The Letters of F. Scott Fitzgerald Book Review and Commentary

By Sabina Clarke

The Letters of Scott Fitzgerald
Edited by Andrew Turnbull
Charles Scribner’s Sons
1963

Reading the letters of F Scott Fitzgerald is like eavesdropping on a private conversation as the unseen listener where nothing is censored except a reference here and there to an individual that might offend.

Fitzgerald’s letters offer a highly intimate unguarded  glimpse into his personal life and relationships and reveal his deep bond with his only child his daughter ‘Scottie’ whom he sometimes  addresses as ‘Pie’ and in a more playful vein ‘Scottina’ and  his constant fretting over  her academic achievements, her social life and her overall well-being.

The letters span from 1933 to his untimely death from a heart attack in 1940 at the age of 44. The brevity of his life make  them invaluable.

Also included are his letters to his troubled wife the former Zelda Sayre who was institutionalized during this time and to his brilliant and loyal editor Maxwell Perkins and his letters to Ernest Hemingway and to his literary agent Harold Ober and his dear friends from his Paris days Gerald and Sara Murphy.

A chapter titled ‘Miscellaneous Letters’ covers a gamut of professional friends and acquaintances and famous people in the Arts such as the actress Helen Hayes, the writers Thomas Wolfe, S.J.Perleman and H.L. Mencken.

In a letter to Scottie whom he calls ‘Pie” at boarding school dated March 1938: Dearest Pie, I am glad you got 74. If you had gotten that the first term, we’d have something to start on now. A letter came at the same time from Miss Walker, in which she referred to “your low position in the class.” Of course that is not at all what you implied to me when I saw you in January, and I do wish you would be more accurate. To suggest a state of affairs that doesn’t exist merely stalls off the final reckoning.

In what is proves to be the most revealing letter to his daughter Scottie about his life with Zelda he confronts the mistake he made in marrying Zelda and its impact on his career: I have spent most of my resources spiritual and material on her but I struggled on for five year until my health collapsed and all I cared about was drink and forgetting. The mistake I made was in marrying her. We belonged to two different worlds—she might have been happy with a kind simple man in a southern garden. She didn’t have the strength for the big stage…..She was soft when she should have been hard and hard when she should have been yielding. She tried to atone for it by working herself but it was too late and she broke and is broken forever.
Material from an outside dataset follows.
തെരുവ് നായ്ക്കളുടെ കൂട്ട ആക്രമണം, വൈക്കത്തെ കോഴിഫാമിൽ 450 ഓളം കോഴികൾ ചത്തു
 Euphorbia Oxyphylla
He expresses his fear that Scottie may wind up being an idle rich society girl like her mother:  She never knew how to use her energy—she has passed that failing on to you. I never wanted to see again in this world women who were brought up as idlers. And one of my chief desires in life was to keep you from being that kind of person, one who brings ruin to themselves and others.

Despite his regret at marrying Zelda, Fitzgerald was warm and comforting to her in his letters. Often he fell on hard times financially and this is expressed in the following letter to Zelda dated October 1939: I am almost penniless-I’ve done stories for Esquire because I have had no time for anything else with $100 bank balances. You will remember it took me six weeks to get the mood of a Saturday Evening Post story…as I wrote you-or did I?-friends sent Scottie back to college. There is still two hundred dollars owing on her tuition-and I think I’ll find it somewhere….Your life has been a disappointment as has mine been too. But we haven’t gone through this sweat for nothing. Scottie has got to survive and this is the most important year of her life. ….With dearest love always, Scott.

One year later F Scott Fitzgerald was dead from a heart attack. Only 30 people attended his burial in a Los Angeles funeral parlor–among them his editor Maxwell Perkins who had a deep sympathy for his personal demons and supported him tirelessly throughout his career.

Paying tribute, his old friend Dorothy Parker murmured “The poor son of a bitch” quoting Jay Gatsby from Fitzgerald’s landmark novel The Great Gatsby.

His reputation had receded, his work was largely forgotten. He was relegated to writing for magazines and the random Hollywood scripts losing artistic control and dealing with temperamental screenwriters, actors and directors. His genius squandered.  Left to die in a city that he loathed.